El collage sabe de un mundo demasiado anciano como para producir verdaderas novedades, por eso para el bricoleur, que es su autor para Levi Strauss, sólo cabe la opción de hablar a través de la forma ya usada y despreciada. El mundo del collage es el de la pos-producción (más que el de la posmodernidad). El “copy-paste”, los links en la red y el sampling son sus parientes cotidianos; la cita, el homenaje y la copia, los egregios.
El collage es para la arquitectura una de las estrategias fundamentales de su pensamiento. Por eso el aprovechar fragmentos de otras arquitecturas ha dependido no solamente de la escasez de los medios disponibles sino de un especial temperamento. El empleo de fragmentos robados y formas intrusas ha supuesto una verdadera fuente de vitalidad. La mezquita de Córdoba, ya un collage por si mismo por el trabajo de reciclaje de sus estructuras y capiteles, se revitaliza con la inclusión de una catedral en su seno. Otro tanto cabría decir de El palazzo de Té, de Giulio Romano, donde la colisión de fragmentos del renacimiento adquiere una nueva lógica gracias al mérito de su disposición alterada…La lista no es infinita, tampoco precaria.

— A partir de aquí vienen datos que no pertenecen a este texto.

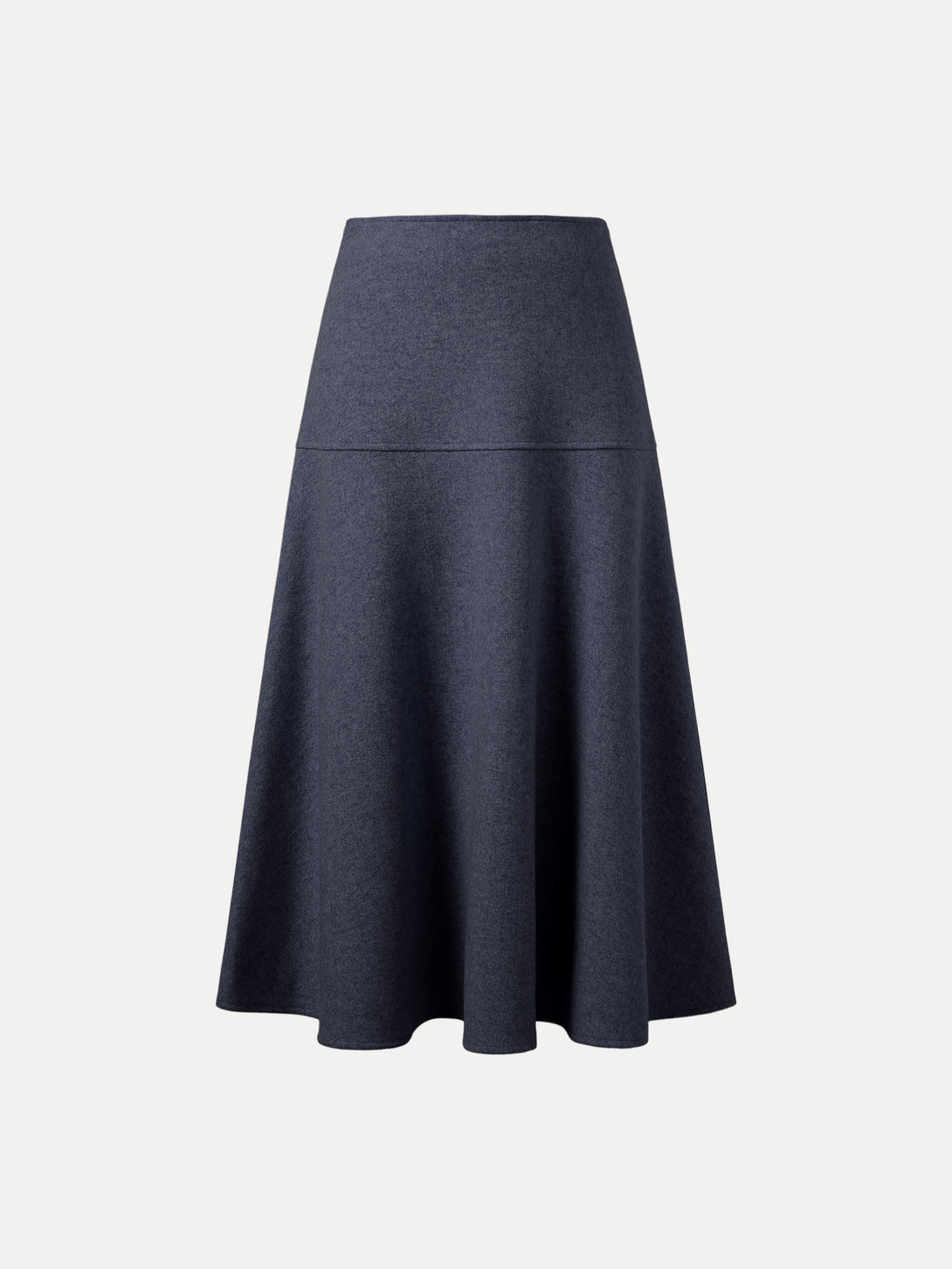 Wool-like Flared Maxi Skirt Petite Heather Navy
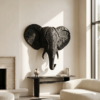 Open-Plan Luxury Living Room (Sleek Matte Black) Elephant 3D Sculpture: The Sovereign Sentinel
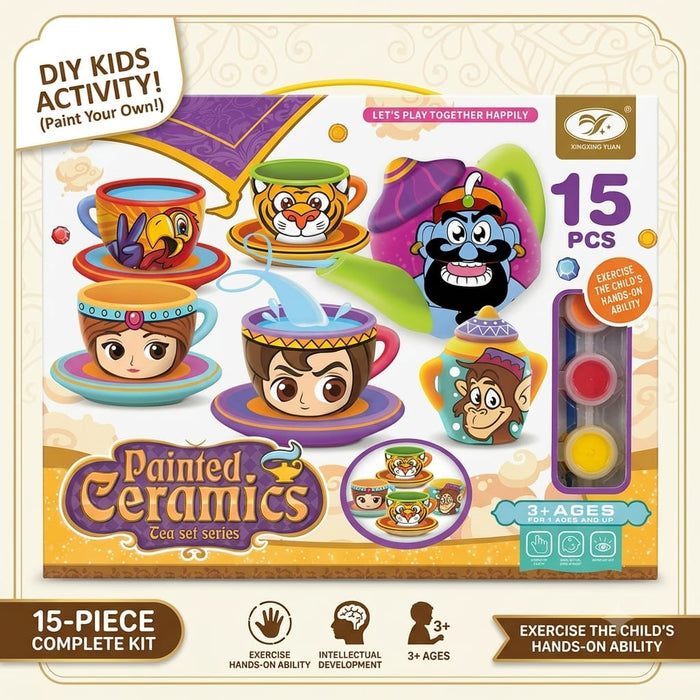 DIY Painted Aladdin Ceramic Tea Set for Kids – 15Pcs Creative Painting Kit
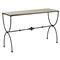 Arlene French Country Light Grey Concrete Top Bronze Iron Console Table|Kathy Kuo Home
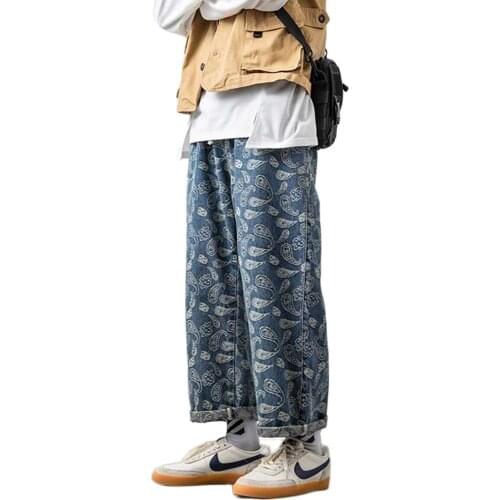 New Fashion Men Casual Jeans Denim Pants Straight Loose Baggy Elastic Waist Trousers Streetwear Men Clothing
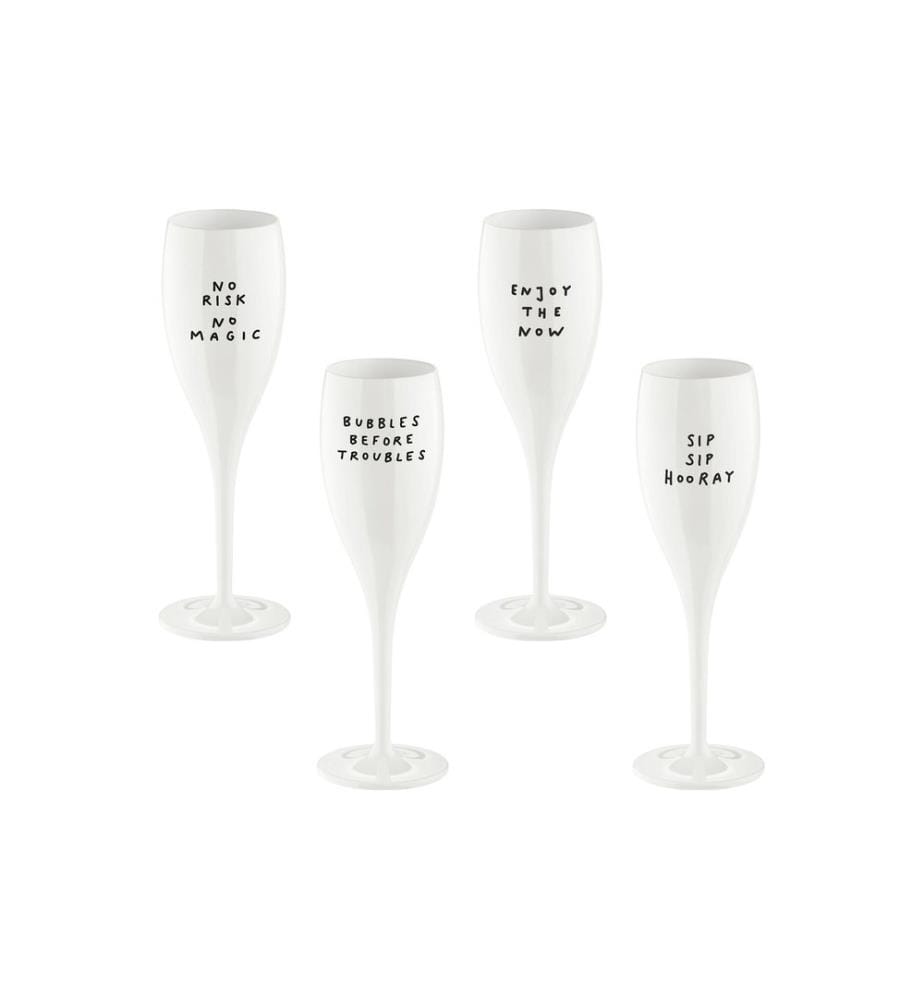KOZIOL - Verre à champagne Say It In Style 100 ml, 4 Pièce/s, Blanc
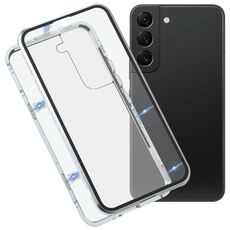 Per Samsung Galaxy S22 5G HD Case in vetro temperato in metallo magnetico (argento)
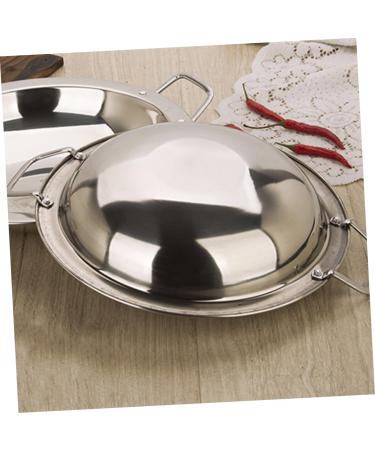 PRETYZOOM Dry Pot Amphora Hot Pot Chaffing Dishes Stainless Steel Cookware Flat Bottom Wok Pan Non Stick Frying Pans Stainless Steel Saute Pan Cookware for Kitchen Home Accessory 28X28X5.5CM Silver - Buy Online on GoSupps.com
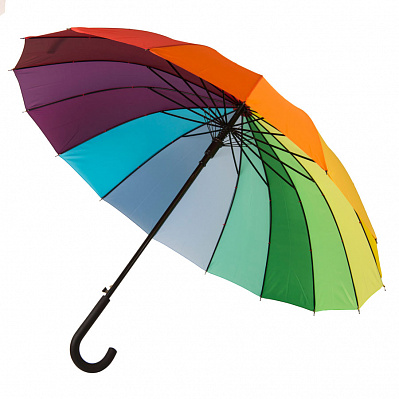 Зонт-трость  "Радуга", пластиковая ручка, полуавтомат (Разные цвета)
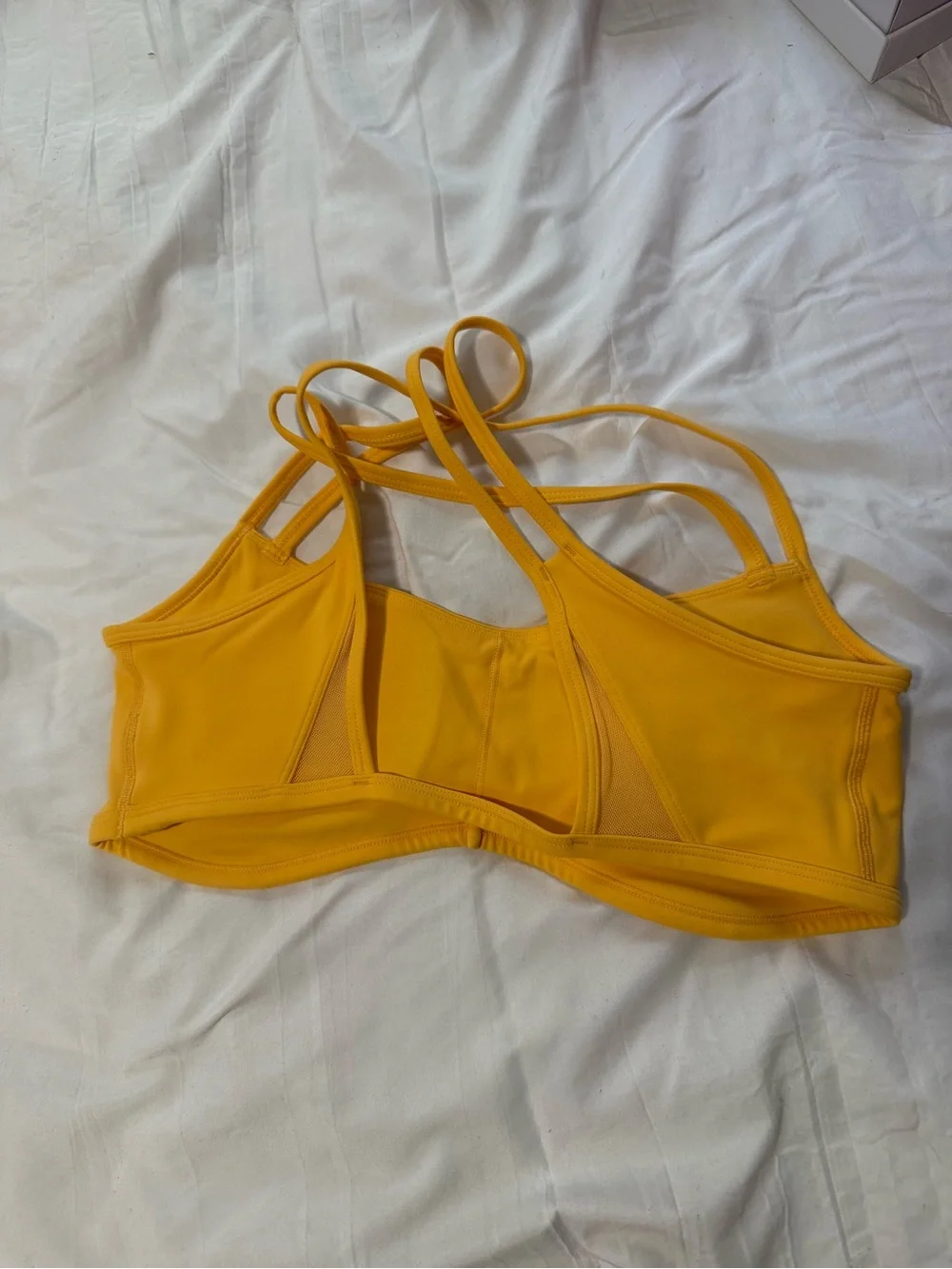 LSKD Yellow Strappy Sports Bra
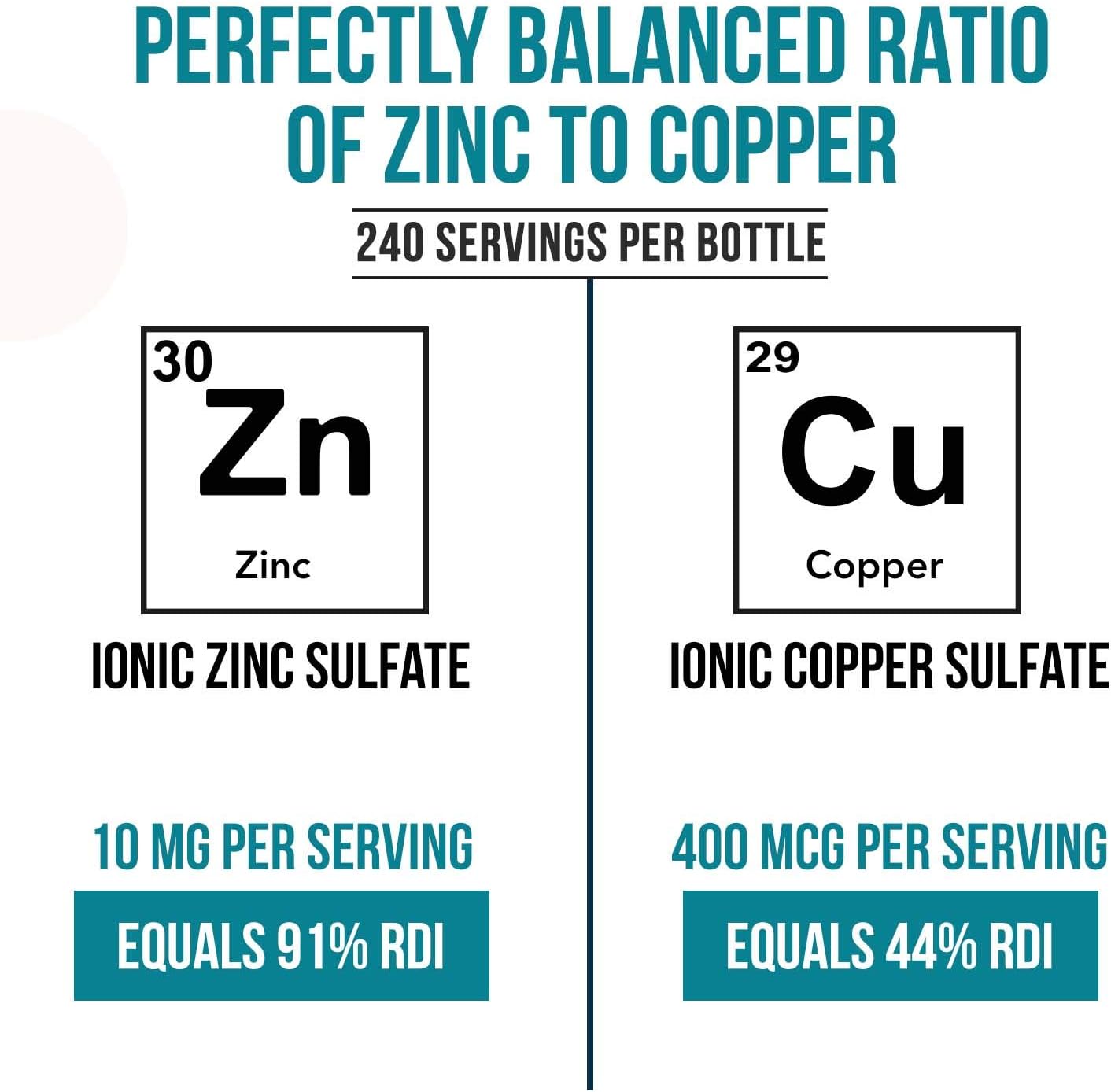Ionic Zinc Plus Copper Liquid Concentrate 240 Servings, Glass Bottle, Vegan - Balanced Ratio of Zinc Copper - Supports Immunity, Brain Thyroid (2 oz.)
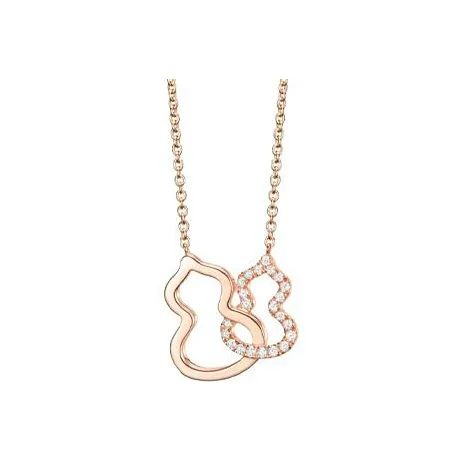 Qeelin Wulu Necklace Collection 18K Rose Gold Diamond Necklaces Women's Rose Gold
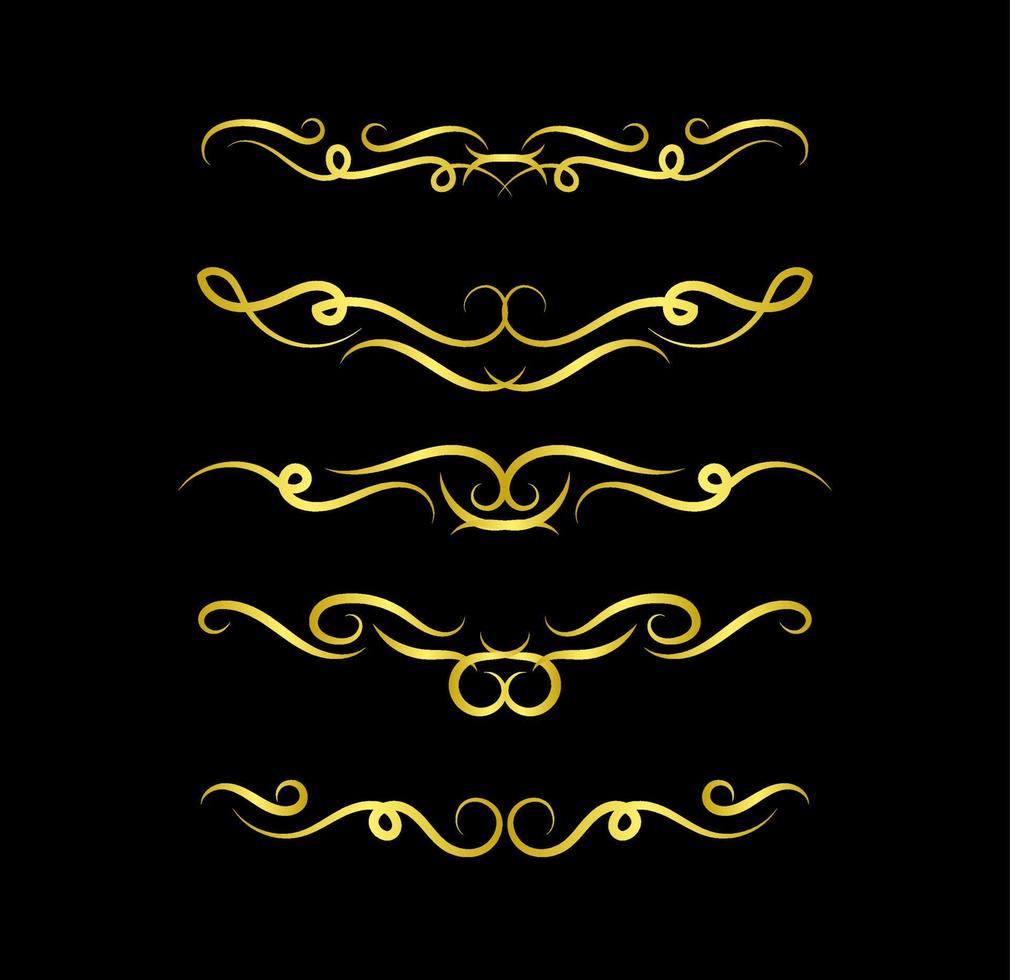 Gold Borders Elements Set Collection, ornament Vector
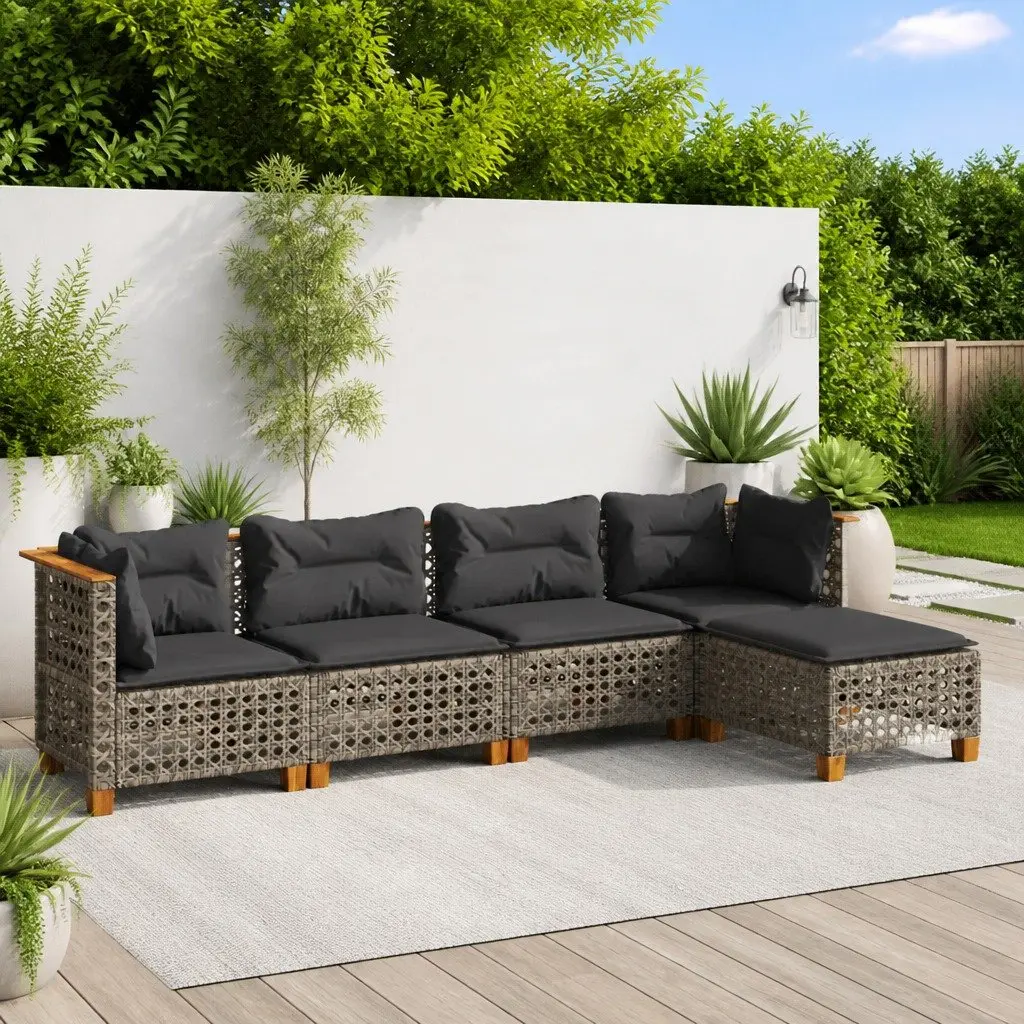 5-Piece Grey Modular Garden Sofa Set with Cushions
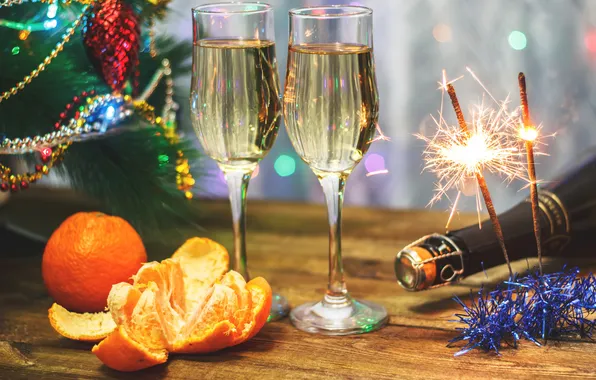 Branches, table, Board, bottle, Christmas, New year, beads, tinsel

Hoy, en un momento histórico donde la arquitectura concentra todo su ser en el encuentro sublime, el collage se muestra como detalle de primera magnitud. Un trabajo que no depende, al contrario de lo que se cree, del simple pegamento o las tijeras, sino del criterio y la sabiduría del que recorta. En realidad el pensamiento de la arquitectura es fragmentario y la ilusión de unidad siempre se ha logrado por mecanismos artificiales y forzados.
El golpe de las tijeras está siempre presente y es por siempre una herida abierta. Por eso mismo sin el collage no puede entenderse la vitalidad de la obra de Koolhaas, del último Le Corbusier, ni de Lubetkin, Sostres o Gehry. Tampoco el porqué de sus desacuerdos ni la mezcla de ese aire de ancianidad y de renovado optimismo que adquieren muchos proyectos de la modernidad, a pesar de la falta de novedades que aparentemente contienen.
A estas alturas de la civilización, donde lo roto y fragmentario no ha encontrado nada que lo mantenga unido, donde ni la ciencia ni la filosofía han dado con un sistema unitario y coherente, tan sólo las figuras de Schwitters, Tinguely y Duchamp nos escoltan iluminando con sus obras hacia ese lugar demasiado lleno de oscuridad que es el futuro. En este panorama, el collage es de las pocas estrategias que mantiene inagotado el optimismo de la arquitectura.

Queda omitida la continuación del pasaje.